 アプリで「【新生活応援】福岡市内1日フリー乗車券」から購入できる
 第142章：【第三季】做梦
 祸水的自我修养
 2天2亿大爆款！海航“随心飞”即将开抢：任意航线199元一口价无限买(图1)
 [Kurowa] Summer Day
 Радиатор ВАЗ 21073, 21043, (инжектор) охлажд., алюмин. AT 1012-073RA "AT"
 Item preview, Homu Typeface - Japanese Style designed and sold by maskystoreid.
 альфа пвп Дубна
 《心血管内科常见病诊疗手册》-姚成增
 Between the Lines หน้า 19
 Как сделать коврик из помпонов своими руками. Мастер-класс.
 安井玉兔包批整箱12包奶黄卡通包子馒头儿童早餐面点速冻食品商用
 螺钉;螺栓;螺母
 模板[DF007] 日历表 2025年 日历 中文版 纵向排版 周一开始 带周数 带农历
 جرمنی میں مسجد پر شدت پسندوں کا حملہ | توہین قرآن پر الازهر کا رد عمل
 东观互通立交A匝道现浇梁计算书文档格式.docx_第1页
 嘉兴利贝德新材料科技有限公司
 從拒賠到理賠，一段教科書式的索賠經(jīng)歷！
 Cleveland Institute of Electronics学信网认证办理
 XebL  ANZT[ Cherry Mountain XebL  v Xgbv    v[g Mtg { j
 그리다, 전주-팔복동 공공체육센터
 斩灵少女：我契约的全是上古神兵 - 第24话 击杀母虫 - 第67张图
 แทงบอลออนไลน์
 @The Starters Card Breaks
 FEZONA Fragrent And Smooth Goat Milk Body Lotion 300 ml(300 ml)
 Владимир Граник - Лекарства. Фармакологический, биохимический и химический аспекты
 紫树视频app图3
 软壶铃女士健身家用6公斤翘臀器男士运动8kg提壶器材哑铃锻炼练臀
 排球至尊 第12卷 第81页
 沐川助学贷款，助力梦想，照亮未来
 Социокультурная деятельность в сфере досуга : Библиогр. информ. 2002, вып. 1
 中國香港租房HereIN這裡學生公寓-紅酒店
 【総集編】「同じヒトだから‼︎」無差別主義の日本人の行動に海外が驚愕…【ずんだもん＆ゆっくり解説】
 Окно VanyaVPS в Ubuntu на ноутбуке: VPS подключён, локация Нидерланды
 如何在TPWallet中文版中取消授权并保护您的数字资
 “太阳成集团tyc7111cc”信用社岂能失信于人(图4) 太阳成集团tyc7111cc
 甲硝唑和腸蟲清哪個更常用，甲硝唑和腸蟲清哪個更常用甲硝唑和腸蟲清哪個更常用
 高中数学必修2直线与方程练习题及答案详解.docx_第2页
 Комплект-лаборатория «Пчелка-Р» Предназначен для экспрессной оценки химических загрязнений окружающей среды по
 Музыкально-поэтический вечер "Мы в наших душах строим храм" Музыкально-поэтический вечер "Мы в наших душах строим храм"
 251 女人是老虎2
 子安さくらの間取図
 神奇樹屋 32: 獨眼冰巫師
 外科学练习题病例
######
About this exercise
Nothing but the lines from the one with "그리다, 전주-팔복동 공공체육센터" through the final line of the data above should be output, exactly as written.

Result of this task
 그리다, 전주-팔복동 공공체육센터
 斩灵少女：我契约的全是上古神兵 - 第24话 击杀母虫 - 第67张图
 แทงบอลออนไลน์
 @The Starters Card Breaks
 FEZONA Fragrent And Smooth Goat Milk Body Lotion 300 ml(300 ml)
 Владимир Граник - Лекарства. Фармакологический, биохимический и химический аспекты
 紫树视频app图3
 软壶铃女士健身家用6公斤翘臀器男士运动8kg提壶器材哑铃锻炼练臀
 排球至尊 第12卷 第81页
 沐川助学贷款，助力梦想，照亮未来
 Социокультурная деятельность в сфере досуга : Библиогр. информ. 2002, вып. 1
 中國香港租房HereIN這裡學生公寓-紅酒店
 【総集編】「同じヒトだから‼︎」無差別主義の日本人の行動に海外が驚愕…【ずんだもん＆ゆっくり解説】
 Окно VanyaVPS в Ubuntu на ноутбуке: VPS подключён, локация Нидерланды
 如何在TPWallet中文版中取消授权并保护您的数字资
 “太阳成集团tyc7111cc”信用社岂能失信于人(图4) 太阳成集团tyc7111cc
 甲硝唑和腸蟲清哪個更常用，甲硝唑和腸蟲清哪個更常用甲硝唑和腸蟲清哪個更常用
 高中数学必修2直线与方程练习题及答案详解.docx_第2页
 Комплект-лаборатория «Пчелка-Р» Предназначен для экспрессной оценки химических загрязнений окружающей среды по
 Музыкально-поэтический вечер "Мы в наших душах строим храм" Музыкально-поэтический вечер "Мы в наших душах строим храм"
 251 女人是老虎2
 子安さくらの間取図
 神奇樹屋 32: 獨眼冰巫師
 外科学练习题病例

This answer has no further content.